### Work instructions
Each line from the line containing "Lafayette 148 women" through the last line of the entries is to be reproduced exactly as it stands.
START Extracted material
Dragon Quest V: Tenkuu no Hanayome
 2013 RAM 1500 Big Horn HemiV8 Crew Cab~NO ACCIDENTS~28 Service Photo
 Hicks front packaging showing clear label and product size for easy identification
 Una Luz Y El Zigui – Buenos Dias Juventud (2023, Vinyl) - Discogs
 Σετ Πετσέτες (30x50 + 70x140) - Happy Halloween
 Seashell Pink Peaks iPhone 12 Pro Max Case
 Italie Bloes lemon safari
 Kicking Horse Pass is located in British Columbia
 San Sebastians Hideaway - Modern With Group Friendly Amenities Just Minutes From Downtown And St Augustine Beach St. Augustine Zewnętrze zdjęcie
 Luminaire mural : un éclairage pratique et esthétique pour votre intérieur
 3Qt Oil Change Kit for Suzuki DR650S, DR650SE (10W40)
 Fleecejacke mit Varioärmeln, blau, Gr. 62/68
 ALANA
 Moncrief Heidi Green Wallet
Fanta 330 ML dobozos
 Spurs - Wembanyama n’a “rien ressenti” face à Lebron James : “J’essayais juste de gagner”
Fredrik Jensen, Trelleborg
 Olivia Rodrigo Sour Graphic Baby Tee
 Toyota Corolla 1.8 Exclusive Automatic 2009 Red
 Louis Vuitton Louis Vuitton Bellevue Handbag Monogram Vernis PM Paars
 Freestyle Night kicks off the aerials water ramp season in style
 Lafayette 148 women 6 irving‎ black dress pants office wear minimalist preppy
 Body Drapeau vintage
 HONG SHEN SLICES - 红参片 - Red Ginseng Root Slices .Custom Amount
END Extracted material
### Exercise answer
 Lafayette 148 women 6 irving‎ black dress pants office wear minimalist preppy
 Body Drapeau vintage
 HONG SHEN SLICES - 红参片 - Red Ginseng Root Slices .Custom Amount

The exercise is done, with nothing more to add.